Conserved residues within the putative CD81 binding domains of E2. HCV strains from the Los Alamos HCV sequence database were aligned. Three regions previously implicated in CD81 binding were analyzed. Amino acids are numbered relative to the AUG start codon of the H77 strain shown and used in this study. The hyperconserved (black rectangles) targeted (asterisk) residues for alanine substitution are indicated.

Figure 2

Alanine substitutions within putative CD81 binding regions dramatically affect HCVpp entry. 293T cells were cotransfected with the HIV-luc packaging vector along with HCV E1E2 mutant expression plasmids. HCVpp was harvested at 24 h post-transfection and used to infect susceptible cell lines (A) Huh7 and (B) Hep3B. Infectivity was measured 72 h pi using a luciferase reporter assay. Infectivity of each mutant is expressed as a percentage of the infectivity observed for the wild-type (wt) H77 HCV E1E2. Values shown are the mean and standard error for a minimum of three assays.

Figure 3

Expression and incorporation of HCV E1E2 glycoproteins in producer cell lysate and HCVpp. (A) 293T HCVpp producer cells were lysed and analyzed by Western Blot analysis using anti (α)-E2 and (α)-actin antibodies.
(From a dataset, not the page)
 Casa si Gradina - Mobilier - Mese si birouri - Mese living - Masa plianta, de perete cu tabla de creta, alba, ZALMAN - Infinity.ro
Image is a composite. (B) Incorporation of HCV glycoproteins into HCVpp was determined by pelleting the virus through a 20% sucrose cushion followed by Western Blot analysis. HCV glycoproteins were identified with (α)-E2 and (α)-E1 antibodies. Detection of the HIV p24 capsid protein with an anti-HIV p24 antibody was performed as a loading control. Image is a composite.

Figure 4

Binding of mutant HCV E1E2 glycoproteins to soluble CD81. (A) 293T cells transfected with HCV E1E2 wt or mutant expression vectors were lysed 24 h post-transfection. Cleared cell lysate was incubated with soluble CD81-GST fusion protein. Binding to CD81 was determined by Western Blot analysis of E2 and the GST tag. As a negative control, GST protein without soluble CD81 was incubated with HCV wt. Image is a composite. (B) 293T cells transfected with HCV E1E2 wt or specific mutant expression vectors were lysed 24 h post-transfection. Cleared cell lysate was incubated with AR3A (C1) conformational antibody to assess conformation of mutations. Immunoprecipitated proteins were detected by subsequent Western Blot analysis of E2. Image is a composite.

Figure 5

Determining association of E1E2 mutants. 293T cells were transfected with HCV E1E2 wt, mutant, or E1 alone glycoprotein expression plasmids. Cells were lysed and cleared cell lysate was incubated with anti (α)-E2 antibody. Immune complexes were separated by SDS-PAGE and analyzed by Western Blot for E1 to determine if the E2 and E1 glycoproteins had formed dimers. Image is a composite.